As with the occlusal mirror 100, it is noted that other embodiments of the lingual mirror 300 are not limited to any particular shape, size, or angle A, and do not need to be interchangeable between different sizes.

Although not shown, in other embodiments the lingual mirror 300 may also include indentations or notches similar to those described above for the occlusal mirror 100. Likewise, the lingual mirror 300 may be symmetrical about a longitudinal centerline, as shown in the figures. In alternative embodiments, however, the lingual mirror 300 may includes features which are offset from the longitudinal centerline similarly to that described above for the occlusal mirror 100, e.g., to enhance use as a retractor and provide a better grip for right-handed or left-handed users.

In addition, the first and second lobes 320, 330 of lingual mirror 300 may be substantially planar, as can be seen in FIG. 8b, or curved at the outermost edges indicated at 325 and 335, respectively, as shown in an alternative embodiment of the buccal mirror in FIG. 8c.

FIGS. 9a and 9b are diagrammatic plan views of a patient's mouth illustrating implementation of an exemplary lingual mirror as it may be used for photographing a patient's teeth in (a) the top-right quadrant, and (b) the bottom-right quadrant. FIGS. 10a and 10b are perspective views of a person's mouth, illustrating an exemplary lingual mirror as it may be used for photographing the inner side-surface of a patient's teeth in (a) the top-right quadrant, and (b) the bottom-right quadrant.

Lingual views are views of the left-inside and right-inside surfaces of a patient's teeth (and surrounding gum and other parts of the mouth), e.g., as indicated in FIG. 1 by arrows 14a and 24a (right-inside) and arrows 14b and 24b (left-inside).

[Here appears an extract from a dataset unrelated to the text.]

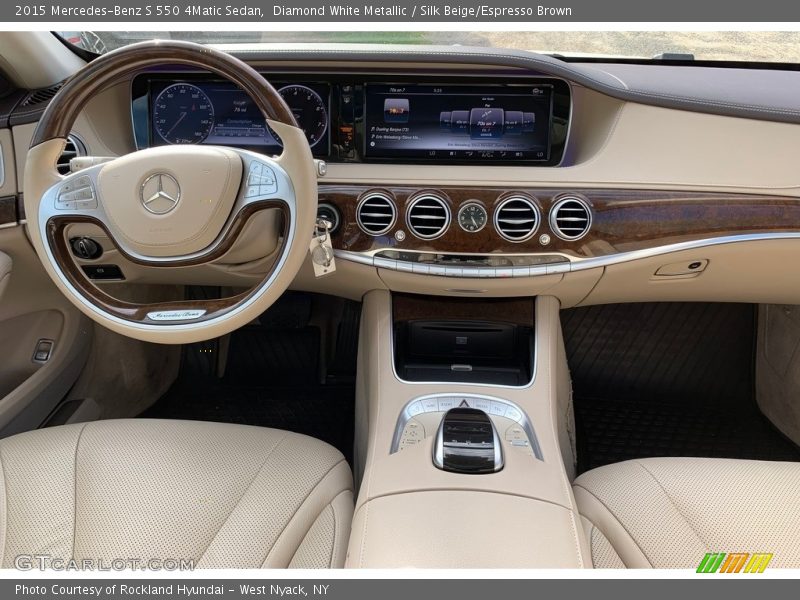 Diamond White Metallic / Silk Beige/Espresso Brown 2015 Mercedes-Benz S 550 4Matic Sedan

In use, the user (e.g., dentist, dental technician or even the patient) may hold the lingual mirror 300 vertically by one of the lobes 320 or 330, and insert the other lobe (i.e., the imaging surface) into the patient's mouth between the tongue 397 (FIG. 9b) and the patient's teeth. The lobe that is inserted into the patient's mouth may also be used to retract the patient's tongue 397 (and optionally cheeks 50a, 50b) so that it does not interfere with the reflected image. The imaging surface reflects a lingual view of the patient's teeth (and surrounding gums and mouth). The bend automatically positions the user's fingers such that they do not interfere with the image being reflected by the imaging surface. The user does not have to maneuver his or her hand out of the way of the camera approach.

The user (or another user such as an assistant) may position a camera adjacent the lingual mirror 300 to photograph the image being reflected by the lingual mirror 300, as illustrated by the camera approach shown in FIGS. 9a and 9b. The lingual mirror 300 may be used to obtain separate lingual views of each quadrant (e.g., quadrants 10a, 10b, 20a, and 20b in FIG. 1) by having the patient open his or her mouth and holding the lingual mirror 300 opposite each quadrant for separate images.

It is noted that directional references and designations such as “first” and “second” as used herein are used for the convenience of the reader and not intended to limit the scope of the invention in any way. It is also noted that while the mirrors were discussed as they may be used by a dentist to photographs a patient's teeth, the mirrors may also have other applications.

In addition to the specific implementations explicitly set forth herein, other aspects and implementations will be apparent to those skilled in the art from consideration of the specification disclosed herein. It is intended that the specification and illustrated implementations be considered as examples only.